Responding to protests by National Grid, energy shippers and local distribution companies in New England, FERC on Friday ordered a technical conference on Algonquin Gas Transmission’s proposal to change the terms of its no-notice services (RP17-808).

In June, Algonquin asked the commission to approve an update its no-notice services, last changed in 1993, to reflect its “current practices and operational requirements” and eliminate requirements the company said have become outdated with automation and faster forms of communication.

The changes would clarify that customers under Algonquin’s AFT-E and AFT-ES rate schedules seeking no-notice service must have nominated and scheduled an equal quantity of gas on a pipeline upstream of Algonquin for that day.
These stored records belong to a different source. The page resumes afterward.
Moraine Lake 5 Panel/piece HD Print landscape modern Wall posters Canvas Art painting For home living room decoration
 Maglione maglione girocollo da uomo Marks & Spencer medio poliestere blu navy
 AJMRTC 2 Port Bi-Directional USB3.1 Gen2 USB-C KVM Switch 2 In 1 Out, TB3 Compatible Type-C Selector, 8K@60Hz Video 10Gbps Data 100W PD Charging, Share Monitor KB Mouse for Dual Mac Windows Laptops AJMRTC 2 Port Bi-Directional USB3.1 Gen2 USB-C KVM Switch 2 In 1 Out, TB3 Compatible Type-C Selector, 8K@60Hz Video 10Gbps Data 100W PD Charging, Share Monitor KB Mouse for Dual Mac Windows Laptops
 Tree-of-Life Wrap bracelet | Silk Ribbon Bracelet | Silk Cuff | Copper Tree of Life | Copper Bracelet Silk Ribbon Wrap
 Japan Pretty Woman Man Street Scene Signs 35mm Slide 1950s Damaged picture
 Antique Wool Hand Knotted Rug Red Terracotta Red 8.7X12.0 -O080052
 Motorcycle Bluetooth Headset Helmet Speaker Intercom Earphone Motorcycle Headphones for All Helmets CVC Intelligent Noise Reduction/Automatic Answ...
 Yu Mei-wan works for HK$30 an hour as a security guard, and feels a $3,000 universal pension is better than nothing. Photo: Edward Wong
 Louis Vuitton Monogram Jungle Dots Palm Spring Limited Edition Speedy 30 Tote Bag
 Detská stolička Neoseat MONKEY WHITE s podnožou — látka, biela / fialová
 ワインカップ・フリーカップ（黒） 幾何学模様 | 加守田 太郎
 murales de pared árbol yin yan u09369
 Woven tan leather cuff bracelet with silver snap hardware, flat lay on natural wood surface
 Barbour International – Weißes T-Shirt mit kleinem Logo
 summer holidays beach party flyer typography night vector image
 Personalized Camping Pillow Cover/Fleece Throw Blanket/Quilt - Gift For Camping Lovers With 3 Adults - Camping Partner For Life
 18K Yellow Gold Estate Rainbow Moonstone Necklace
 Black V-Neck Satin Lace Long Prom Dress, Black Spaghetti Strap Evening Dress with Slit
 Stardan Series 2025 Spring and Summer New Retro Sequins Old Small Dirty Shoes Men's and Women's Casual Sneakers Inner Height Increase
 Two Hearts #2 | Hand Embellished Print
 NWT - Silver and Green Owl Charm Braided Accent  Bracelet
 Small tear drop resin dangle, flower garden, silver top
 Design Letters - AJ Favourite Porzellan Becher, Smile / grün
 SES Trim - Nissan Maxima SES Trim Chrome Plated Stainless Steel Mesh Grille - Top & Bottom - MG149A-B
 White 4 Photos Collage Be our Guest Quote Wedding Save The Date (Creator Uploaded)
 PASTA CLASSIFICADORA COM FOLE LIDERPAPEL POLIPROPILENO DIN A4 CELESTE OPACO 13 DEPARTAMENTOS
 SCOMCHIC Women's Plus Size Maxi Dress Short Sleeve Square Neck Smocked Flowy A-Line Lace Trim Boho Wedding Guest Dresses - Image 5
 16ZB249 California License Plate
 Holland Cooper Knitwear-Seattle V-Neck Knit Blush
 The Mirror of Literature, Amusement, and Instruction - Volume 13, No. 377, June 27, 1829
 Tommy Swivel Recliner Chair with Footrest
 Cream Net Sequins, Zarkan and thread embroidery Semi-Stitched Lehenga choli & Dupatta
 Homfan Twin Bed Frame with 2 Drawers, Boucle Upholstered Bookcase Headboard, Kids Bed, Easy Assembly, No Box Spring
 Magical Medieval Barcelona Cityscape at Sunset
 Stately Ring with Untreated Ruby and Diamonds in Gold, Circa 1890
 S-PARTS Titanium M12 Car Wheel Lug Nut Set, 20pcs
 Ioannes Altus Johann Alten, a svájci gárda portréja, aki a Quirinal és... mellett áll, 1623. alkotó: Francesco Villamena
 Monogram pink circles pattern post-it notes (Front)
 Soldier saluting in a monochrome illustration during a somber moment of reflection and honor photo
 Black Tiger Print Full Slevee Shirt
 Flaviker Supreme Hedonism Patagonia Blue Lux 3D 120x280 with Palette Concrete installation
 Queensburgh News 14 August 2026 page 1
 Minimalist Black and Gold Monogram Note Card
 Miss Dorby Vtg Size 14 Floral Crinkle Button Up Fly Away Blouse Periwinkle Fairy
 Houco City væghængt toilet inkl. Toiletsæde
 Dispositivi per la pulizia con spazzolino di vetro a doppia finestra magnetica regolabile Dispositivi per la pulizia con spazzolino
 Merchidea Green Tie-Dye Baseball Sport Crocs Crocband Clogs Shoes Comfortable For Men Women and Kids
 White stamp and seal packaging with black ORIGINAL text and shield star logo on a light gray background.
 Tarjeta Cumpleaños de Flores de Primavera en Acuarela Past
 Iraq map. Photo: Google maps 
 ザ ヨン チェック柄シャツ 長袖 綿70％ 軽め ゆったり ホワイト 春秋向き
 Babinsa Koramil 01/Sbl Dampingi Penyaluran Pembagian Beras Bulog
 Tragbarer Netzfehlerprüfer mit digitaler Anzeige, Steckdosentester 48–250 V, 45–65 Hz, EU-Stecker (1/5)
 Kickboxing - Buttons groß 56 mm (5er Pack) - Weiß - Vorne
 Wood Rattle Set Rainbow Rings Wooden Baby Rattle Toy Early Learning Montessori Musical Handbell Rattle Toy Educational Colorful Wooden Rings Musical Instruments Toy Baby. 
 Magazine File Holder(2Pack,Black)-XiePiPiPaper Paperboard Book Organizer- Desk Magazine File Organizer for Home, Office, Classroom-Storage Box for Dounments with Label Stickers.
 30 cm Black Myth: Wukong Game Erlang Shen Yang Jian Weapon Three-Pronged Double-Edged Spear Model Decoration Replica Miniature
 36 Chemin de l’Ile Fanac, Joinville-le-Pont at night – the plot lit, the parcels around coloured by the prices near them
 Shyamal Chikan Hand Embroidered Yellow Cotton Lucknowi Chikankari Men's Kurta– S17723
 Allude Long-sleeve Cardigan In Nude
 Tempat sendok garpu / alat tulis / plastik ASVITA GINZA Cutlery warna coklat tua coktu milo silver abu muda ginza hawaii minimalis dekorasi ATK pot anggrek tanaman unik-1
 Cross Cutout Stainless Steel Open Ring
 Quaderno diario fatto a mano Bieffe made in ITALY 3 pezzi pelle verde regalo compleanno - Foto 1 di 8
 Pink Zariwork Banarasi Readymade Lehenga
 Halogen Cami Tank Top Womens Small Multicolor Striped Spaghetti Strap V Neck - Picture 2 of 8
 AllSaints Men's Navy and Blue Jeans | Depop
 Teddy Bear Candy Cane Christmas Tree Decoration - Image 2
It also would specify that the right to change primary delivery points under AFT-E/ES only applies to temporary capacity releases.

On July 27, commission staff issued a delegated order accepting Algonquin’s filing but suspending the changes until Jan. 1, 2018, subject to refund and further commission order.

Janice K. Devers, Algonquin’s director of tariffs, told RTO Insider that “the commission’s directive to convene a technical conference was not a surprise. There is a probably a desire on their part to get clarification on the issues prior to the end of the suspension period on Jann. 1, 2018.”

FERC Algonquin no-notice changes
| Spectra Energy

Energy shippers Direct Energy Business Marketing and Shell Energy North America claimed the revisions to rate schedules AFT- E and AFT-ES would unnecessarily limit the availability of no-notice service by implementing more restrictive eligibility criteria, undercutting the commission’s policy of providing shippers with greater scheduling flexibility.

National Grid asserted that Algonquin had failed to show that the proposed tariff changes are just and reasonable. The company also said that it relies on the right to call on reserved capacity on an intraday basis without needing to submit nominations prior to the start of the gas day. The company said that helps it meet shifting daily demand from its predominately low-load-factor residential and small commercial customers.

Sprague Operating Resources, which operates refined products and materials handling terminals, filed a letter in support of the protests.

In its Sept. 1 order, the commission said it lacked enough information to determine whether Algonquin’s proposed tariff changes are just and reasonable. The commission said that discussion at the conference would not be limited to the issues identified in the order.